◆ ASSIGNMENT:
Copy the listing verbatim, excluding any images found in it.

◆ RAW DATA:
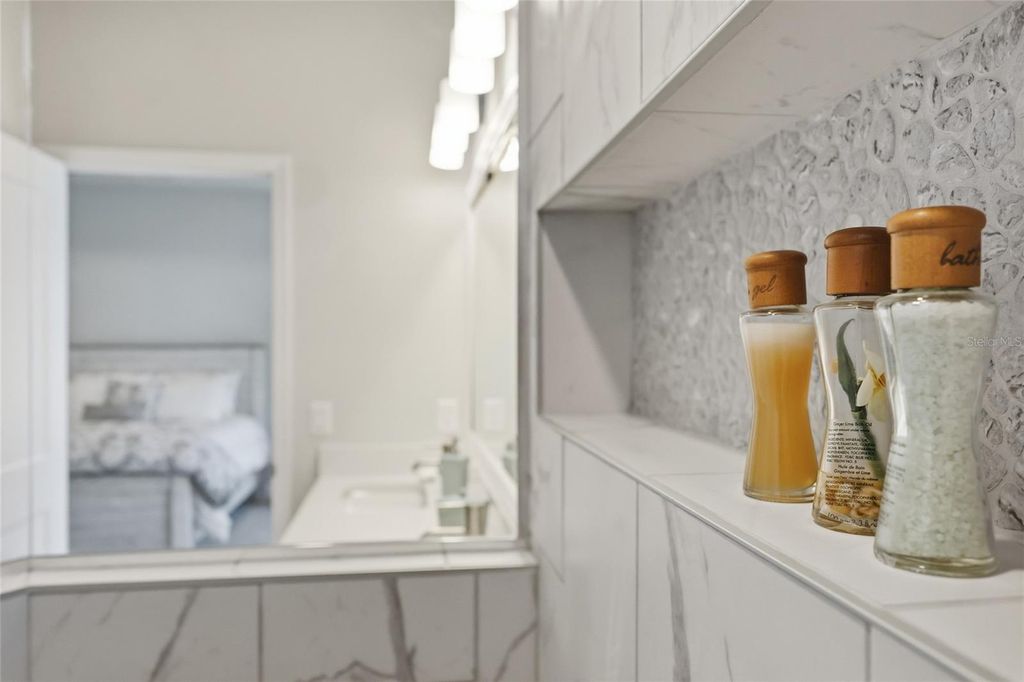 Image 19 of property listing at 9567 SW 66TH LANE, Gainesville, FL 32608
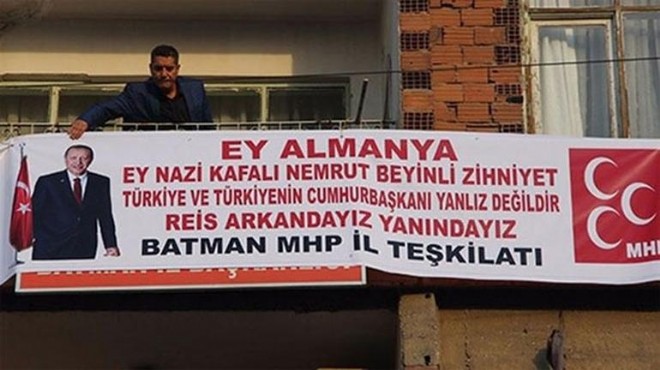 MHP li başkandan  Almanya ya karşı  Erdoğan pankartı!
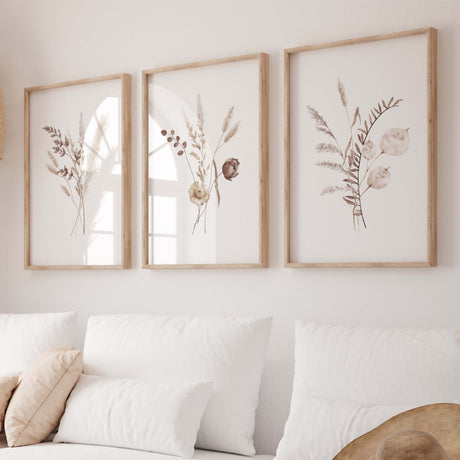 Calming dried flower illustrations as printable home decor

◆ EXERCISE RESULT:
 Image 19 of property listing at 9567 SW 66TH LANE, Gainesville, FL 32608
 MHP li başkandan  Almanya ya karşı  Erdoğan pankartı!
 Calming dried flower illustrations as printable home decor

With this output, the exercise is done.